■ How to complete this task ■
From the line containing "Certified 2023 Toyota" to the final line of the entries, copy each line exactly. Pictures stay out.

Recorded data
====================
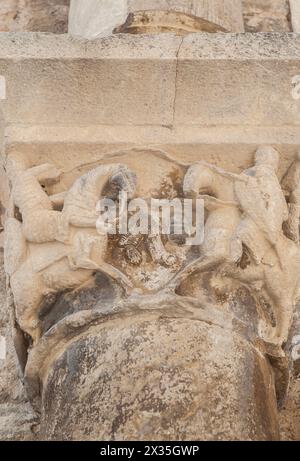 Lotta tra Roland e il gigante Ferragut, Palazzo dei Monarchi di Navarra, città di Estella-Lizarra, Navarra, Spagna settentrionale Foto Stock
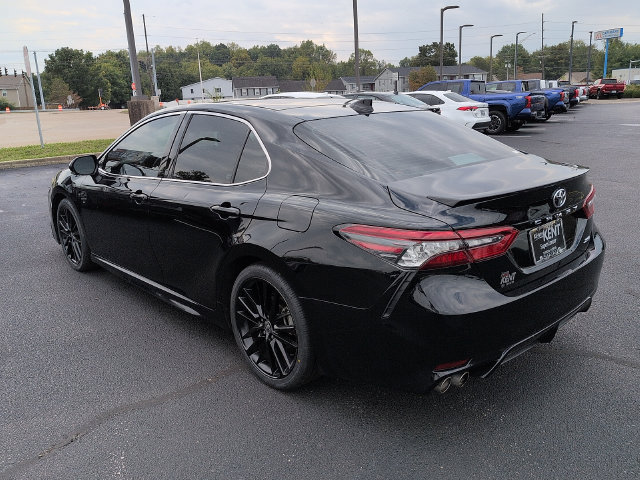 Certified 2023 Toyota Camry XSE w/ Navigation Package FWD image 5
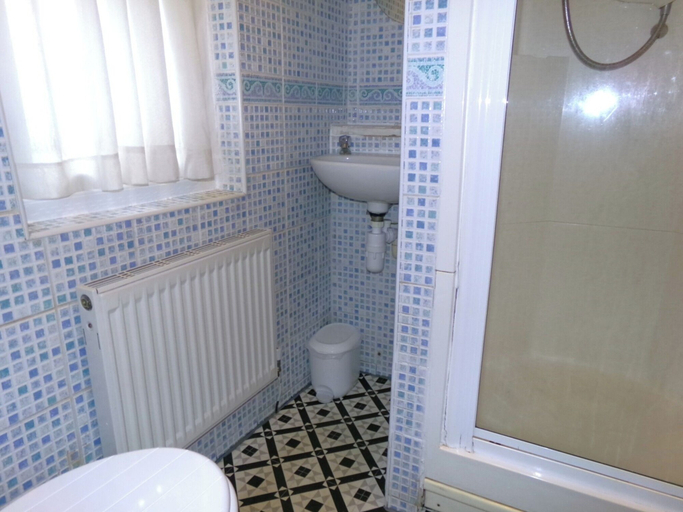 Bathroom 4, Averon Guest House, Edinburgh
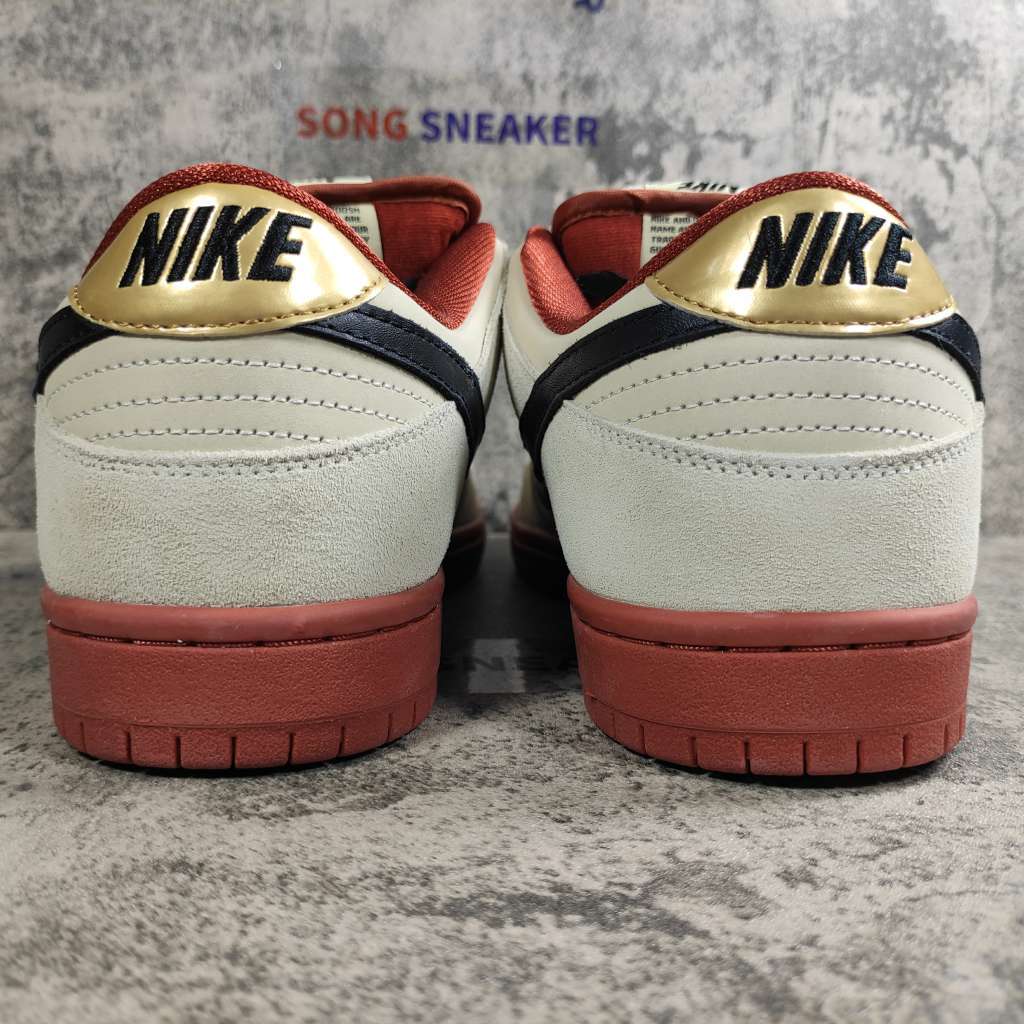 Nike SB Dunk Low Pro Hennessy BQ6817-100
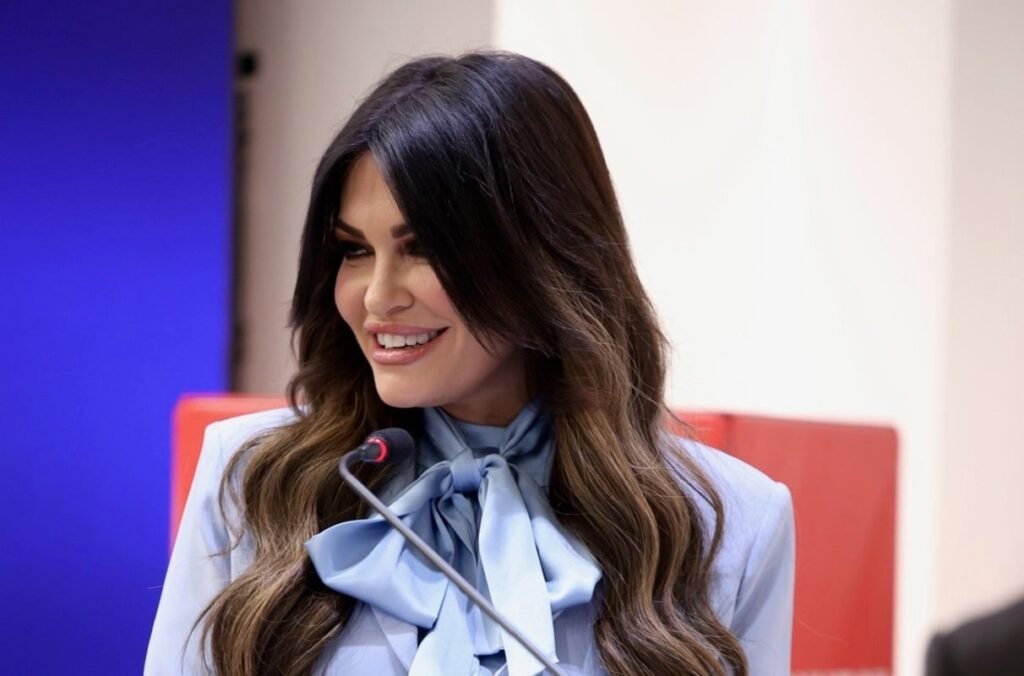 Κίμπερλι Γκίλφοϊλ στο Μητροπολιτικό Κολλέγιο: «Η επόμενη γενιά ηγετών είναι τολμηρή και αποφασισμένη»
====================
■ Finished exercise ■
 Certified 2023 Toyota Camry XSE w/ Navigation Package FWD image 5
 Bathroom 4, Averon Guest House, Edinburgh
 Nike SB Dunk Low Pro Hennessy BQ6817-100
 Κίμπερλι Γκίλφοϊλ στο Μητροπολιτικό Κολλέγιο: «Η επόμενη γενιά ηγετών είναι τολμηρή και αποφασισμένη»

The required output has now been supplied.